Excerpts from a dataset
※ ※ ※

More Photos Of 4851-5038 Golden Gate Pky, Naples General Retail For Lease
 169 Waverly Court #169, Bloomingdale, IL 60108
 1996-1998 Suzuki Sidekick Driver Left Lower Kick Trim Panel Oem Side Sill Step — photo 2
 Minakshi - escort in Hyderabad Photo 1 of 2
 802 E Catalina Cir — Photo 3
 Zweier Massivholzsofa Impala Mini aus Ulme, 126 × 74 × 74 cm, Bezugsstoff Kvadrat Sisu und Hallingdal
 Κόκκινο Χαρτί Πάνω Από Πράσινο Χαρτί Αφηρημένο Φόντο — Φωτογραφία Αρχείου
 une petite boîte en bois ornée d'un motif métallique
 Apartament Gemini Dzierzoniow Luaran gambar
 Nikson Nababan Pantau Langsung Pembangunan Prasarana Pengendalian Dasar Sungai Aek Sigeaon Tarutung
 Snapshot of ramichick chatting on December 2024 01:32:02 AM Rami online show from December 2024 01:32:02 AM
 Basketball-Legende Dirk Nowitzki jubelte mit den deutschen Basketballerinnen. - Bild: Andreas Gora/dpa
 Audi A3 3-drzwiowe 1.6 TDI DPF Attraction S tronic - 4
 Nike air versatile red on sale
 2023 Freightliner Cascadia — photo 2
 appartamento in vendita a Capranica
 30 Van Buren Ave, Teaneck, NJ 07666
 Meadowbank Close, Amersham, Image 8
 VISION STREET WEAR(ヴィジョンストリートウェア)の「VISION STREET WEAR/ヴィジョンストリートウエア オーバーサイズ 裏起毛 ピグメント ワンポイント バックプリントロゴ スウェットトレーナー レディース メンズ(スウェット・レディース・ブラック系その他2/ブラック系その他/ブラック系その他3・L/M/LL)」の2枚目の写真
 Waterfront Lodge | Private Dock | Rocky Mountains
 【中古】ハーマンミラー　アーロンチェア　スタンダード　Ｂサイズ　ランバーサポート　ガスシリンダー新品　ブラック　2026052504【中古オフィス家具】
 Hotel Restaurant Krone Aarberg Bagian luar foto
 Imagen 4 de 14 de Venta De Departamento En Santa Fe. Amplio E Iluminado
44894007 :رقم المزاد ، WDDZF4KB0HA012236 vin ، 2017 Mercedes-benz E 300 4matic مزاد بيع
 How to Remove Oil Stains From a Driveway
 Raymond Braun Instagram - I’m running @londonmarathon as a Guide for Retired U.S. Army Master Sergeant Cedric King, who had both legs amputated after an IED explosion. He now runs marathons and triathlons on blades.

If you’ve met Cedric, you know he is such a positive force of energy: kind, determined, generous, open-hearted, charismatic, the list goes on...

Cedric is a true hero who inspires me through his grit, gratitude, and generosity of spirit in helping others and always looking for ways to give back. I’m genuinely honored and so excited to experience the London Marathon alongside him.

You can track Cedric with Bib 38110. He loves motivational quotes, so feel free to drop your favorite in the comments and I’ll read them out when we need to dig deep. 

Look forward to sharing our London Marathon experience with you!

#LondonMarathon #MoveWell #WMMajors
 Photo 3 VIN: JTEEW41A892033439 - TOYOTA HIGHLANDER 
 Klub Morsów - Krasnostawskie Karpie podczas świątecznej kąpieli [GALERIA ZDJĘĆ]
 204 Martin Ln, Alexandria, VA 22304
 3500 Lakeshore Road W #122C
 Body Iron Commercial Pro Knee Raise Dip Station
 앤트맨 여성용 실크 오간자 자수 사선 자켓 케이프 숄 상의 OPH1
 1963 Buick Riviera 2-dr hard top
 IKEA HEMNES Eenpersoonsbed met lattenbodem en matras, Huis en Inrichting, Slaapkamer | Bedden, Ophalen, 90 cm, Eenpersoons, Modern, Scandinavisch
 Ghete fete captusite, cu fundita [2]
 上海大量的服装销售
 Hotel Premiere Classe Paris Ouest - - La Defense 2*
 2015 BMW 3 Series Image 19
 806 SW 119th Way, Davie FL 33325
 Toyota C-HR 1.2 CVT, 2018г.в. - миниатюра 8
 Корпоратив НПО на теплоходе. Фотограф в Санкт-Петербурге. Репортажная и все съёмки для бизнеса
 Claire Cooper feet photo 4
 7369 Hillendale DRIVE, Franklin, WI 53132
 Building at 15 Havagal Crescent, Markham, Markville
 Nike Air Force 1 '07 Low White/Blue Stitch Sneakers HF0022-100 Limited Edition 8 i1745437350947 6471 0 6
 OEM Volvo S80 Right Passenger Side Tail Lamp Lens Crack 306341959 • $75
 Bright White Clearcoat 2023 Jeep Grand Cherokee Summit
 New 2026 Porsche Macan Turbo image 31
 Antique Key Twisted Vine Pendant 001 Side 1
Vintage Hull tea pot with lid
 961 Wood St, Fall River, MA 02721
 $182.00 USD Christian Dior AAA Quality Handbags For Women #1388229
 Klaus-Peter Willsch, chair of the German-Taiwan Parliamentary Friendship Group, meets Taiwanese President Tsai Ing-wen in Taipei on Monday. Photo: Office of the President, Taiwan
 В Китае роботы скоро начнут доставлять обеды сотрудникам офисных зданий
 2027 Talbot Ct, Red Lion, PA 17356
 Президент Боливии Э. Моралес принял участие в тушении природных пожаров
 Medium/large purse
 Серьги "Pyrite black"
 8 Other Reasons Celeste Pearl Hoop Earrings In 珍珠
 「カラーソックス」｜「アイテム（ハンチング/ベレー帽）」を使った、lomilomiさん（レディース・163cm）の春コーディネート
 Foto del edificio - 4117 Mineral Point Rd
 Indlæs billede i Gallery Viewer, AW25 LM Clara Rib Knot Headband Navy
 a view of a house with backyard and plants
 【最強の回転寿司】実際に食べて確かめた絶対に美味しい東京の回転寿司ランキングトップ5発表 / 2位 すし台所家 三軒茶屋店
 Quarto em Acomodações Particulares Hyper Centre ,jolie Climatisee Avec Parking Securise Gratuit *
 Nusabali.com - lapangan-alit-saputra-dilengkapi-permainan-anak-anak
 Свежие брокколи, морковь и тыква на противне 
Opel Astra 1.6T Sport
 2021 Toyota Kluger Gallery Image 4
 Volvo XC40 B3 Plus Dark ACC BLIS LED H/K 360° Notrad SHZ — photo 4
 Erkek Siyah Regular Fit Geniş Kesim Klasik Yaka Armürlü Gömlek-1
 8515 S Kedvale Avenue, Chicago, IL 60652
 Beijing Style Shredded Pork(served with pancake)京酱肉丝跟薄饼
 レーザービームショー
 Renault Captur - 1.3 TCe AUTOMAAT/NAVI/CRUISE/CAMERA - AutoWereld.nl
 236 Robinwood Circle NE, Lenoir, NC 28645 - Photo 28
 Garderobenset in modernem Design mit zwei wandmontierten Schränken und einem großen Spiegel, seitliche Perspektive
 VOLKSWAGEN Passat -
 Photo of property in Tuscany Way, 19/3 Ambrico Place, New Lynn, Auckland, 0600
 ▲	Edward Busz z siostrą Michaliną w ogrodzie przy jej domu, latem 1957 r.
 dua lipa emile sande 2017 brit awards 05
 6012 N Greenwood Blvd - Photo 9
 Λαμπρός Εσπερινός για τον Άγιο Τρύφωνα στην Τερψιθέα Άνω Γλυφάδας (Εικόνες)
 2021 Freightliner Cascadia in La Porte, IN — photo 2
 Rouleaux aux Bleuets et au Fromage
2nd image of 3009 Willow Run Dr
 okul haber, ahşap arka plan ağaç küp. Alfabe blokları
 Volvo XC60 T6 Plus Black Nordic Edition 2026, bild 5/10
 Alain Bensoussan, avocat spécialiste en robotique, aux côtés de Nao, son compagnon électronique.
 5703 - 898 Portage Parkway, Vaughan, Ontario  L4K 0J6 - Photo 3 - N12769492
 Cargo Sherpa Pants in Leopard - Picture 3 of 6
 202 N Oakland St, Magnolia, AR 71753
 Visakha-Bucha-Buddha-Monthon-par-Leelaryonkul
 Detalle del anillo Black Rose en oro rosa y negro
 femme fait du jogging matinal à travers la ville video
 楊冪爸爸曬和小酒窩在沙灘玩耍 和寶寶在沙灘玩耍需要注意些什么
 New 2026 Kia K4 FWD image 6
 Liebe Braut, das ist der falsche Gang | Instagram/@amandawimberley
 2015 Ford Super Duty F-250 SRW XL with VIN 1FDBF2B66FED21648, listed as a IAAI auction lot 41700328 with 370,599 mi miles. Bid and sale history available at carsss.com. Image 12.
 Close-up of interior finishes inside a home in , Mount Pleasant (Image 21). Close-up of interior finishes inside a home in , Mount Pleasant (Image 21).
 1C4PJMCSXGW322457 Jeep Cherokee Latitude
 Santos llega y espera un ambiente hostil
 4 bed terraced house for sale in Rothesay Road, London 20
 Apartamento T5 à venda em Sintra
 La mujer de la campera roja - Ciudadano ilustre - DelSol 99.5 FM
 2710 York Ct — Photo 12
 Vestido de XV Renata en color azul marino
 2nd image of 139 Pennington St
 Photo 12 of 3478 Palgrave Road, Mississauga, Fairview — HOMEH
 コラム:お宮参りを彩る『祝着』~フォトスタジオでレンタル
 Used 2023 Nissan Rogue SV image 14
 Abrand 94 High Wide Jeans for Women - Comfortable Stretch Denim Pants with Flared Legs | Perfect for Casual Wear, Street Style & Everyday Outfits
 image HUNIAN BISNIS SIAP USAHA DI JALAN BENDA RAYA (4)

※ ※ ※

Your task
Above are the records; report each line in them that includes the word "White".

Answer space
 Nike Air Force 1 '07 Low White/Blue Stitch Sneakers HF0022-100 Limited Edition 8 i1745437350947 6471 0 6
 Bright White Clearcoat 2023 Jeep Grand Cherokee Summit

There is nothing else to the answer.